A Church of Ireland resurrection

By the broken, rusty gates.

Sheepswool, straw and droppings cover Graves of spinster, rake and lover, Whose fantastic mausoleum Sings its own sea-blown Te Deum,

In and out the slipping slates."

The latest poems of C. Day Lewis are a disappointment. They lack ignition. Day Lewis has, indeed, the range of expression of a first-rate poet, the aim, the sensitivity, but not the effect. The poet's work must have some application wider than the intimacies of the experiences which produce it ; but reading Day Lewis is like reading a personal notebook. He has passion and pain, but it is the passion and pain of a man in another city, not yours. There is little grip in his work. This was not always so.

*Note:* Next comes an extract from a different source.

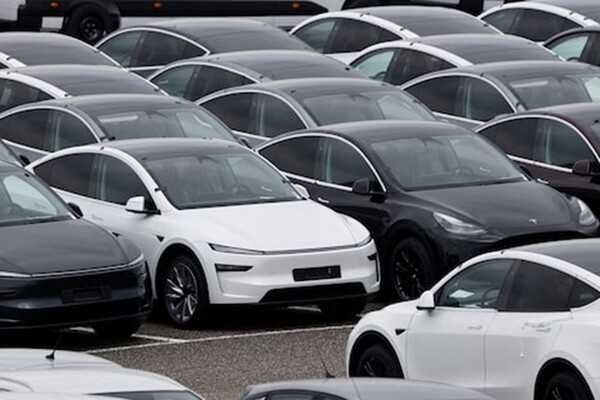 Global EV Deliveries Outside China Climb 18.4% in Early 2024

Overtures to Death (1938) and Word Over All (1943) did grip, did ignite, did apply, and, in good measure, promised for the future. Now, this is that future, and the promise has not been observed. The vigour in Day Lewis's present poems, Poems, 1943-1947, is confined to an intrinsic technical vigour. They are like minnows in a schoolboy's net, lively, flashing, but small fry. The broken rhythms, the cleverly slipped rhyhmes, the profuse—if over-coloured—imagery are evidence both of Day Lewis's technical ease and the fertile quality of his imagination. Very rarely, too, as in Married Dialogue, he does manage some enlargement of the personal experience. It is a pity that he fails to sustain this quality throughout. At present, Day Lewis is under the influence of Hardy, who should be a corrective to the over-personalised statement. But Hardy's influence is not yet absorbed. It floats on the top of these poems as oil on water. Poems, 1943-1947, do not fill a gap in -Day Lewis's work ; they make one. Yet, he is working towards an end. Perhaps his next book will be the one to put your shirt on,. H. A. L. CRAIG.